*** Opening GIVEN DATA ***

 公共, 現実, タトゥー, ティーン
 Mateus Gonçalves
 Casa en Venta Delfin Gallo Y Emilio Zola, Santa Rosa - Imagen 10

*** Closing GIVEN DATA ***

#### [YOUR OBJECTIVE]
The whole listing above, restated word for word, is the required answer.

#### [SOLUTION]
 公共, 現実, タトゥー, ティーン
 Mateus Gonçalves
 Casa en Venta Delfin Gallo Y Emilio Zola, Santa Rosa - Imagen 10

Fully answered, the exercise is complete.